As for a similar case for matrices, I guess one needs an inner product to define positive definiteness, and then we can do a similar analysis for $A^B$ and $B^A$; I would think Hessians will appear.. (haven't done the analysis myself it's just a hunch). :

 

[PeroK]

The Lambert function comes up in a lot of math videos. Here's one such video:

In school, they never taught "proof by inspection" either!

 

[anuttarasammyak]

The Lambert function comes up in a lot of math videos. Here's one such video:

Since $4^x + x$ is monotonically increasing, I would recommend that students make a rough estimation; they would then find that $4^x + x=4^4+4$

 

[jedishrfu]

But the point of the video is to teach us how to use the lambert function to solve a problem not how to intelligently guess the answer.

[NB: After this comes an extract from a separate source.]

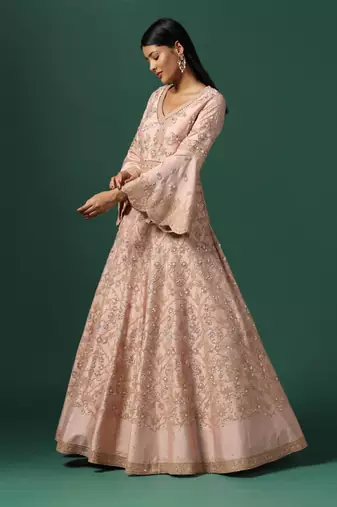 Peach georgette anarkali gown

In the case of the original expression here, students might guess similarly setting a=b and yet miss 2^4-4^2 solution.

 

[PeroK]

But the point of the video is to teach us how to use the lambert function to solve a problem not how to intelligently guess the answer.

After all the complications with applying the W-function, the solution still hinges on noticing that $4^4 = 256$. You might as well notice that right up front.

 

[PeroK]

After all the complications with applying the W-function, the solution still hinges on noticing that $4^4 = 256$. You might as well notice that right up front.

Here's what really going on. We start with a more general equation:
$$a^x + x = b$$$$(b - x)a^{-x} = 1$$$$(b-x)a^{b-x} = a^b$$We want to use the W-function on the left-hand side, so we use that $y = e^{\ln y}$ and multiply both sides by $\ln a$:
$$(b-x)(\ln a)e^{(b-x)\ln a} = a^b \ln a$$Now, by the definition of the W-function:
$$(b-x)\ln a = W(a^b \ln a)$$And, we have the general solution:
$$x = b - \frac{W(a^b \ln a)}{\ln a}$$To get rid of the W-function, we need to factorise $a^b = a^aa^{b-a}$ and use the trick that $y = e^{\ln y}$ again:
$$x = b - \frac{W((a^a \ln a)e^{(b-a)\ln a})}{\ln a}$$So, in the special case that $a^a = (b - a)$, we have:
$$x = b - (b-a) = a$$

 

[PeroK]

Here's the irony. Let's go back to the general solution:
$$x = b - \frac{W(a^b \ln a)}{\ln a}$$We try to get rid of the W-function by factorising $a^b = a^{\alpha}a^{b-\alpha}$ to give:
$$x = b - \frac{W((a^\alpha \ln a)e^{(b - \alpha)\ln a})}{\ln a}$$Then, in order to simplify we need to solve:
$$a^\alpha = b - \alpha$$Which is precisely our original equation!

So, all the shenanigans with the W-function was going round in one big circle to get us back to our original equation within the W-function argument. The only way to simplify is to spot/guess the solution to the original equation!

I had a gut feeling there was something not right about that video.

 

[bob012345]

The plot can also be generated easily on Desmos.

 

[AlexB23]

The plot can also be generated easily on Desmos.
View attachment 369809

Demos is the greatest of all time calculator. Used it a bit in high school over a decade ago, and it helped me visualize math concepts.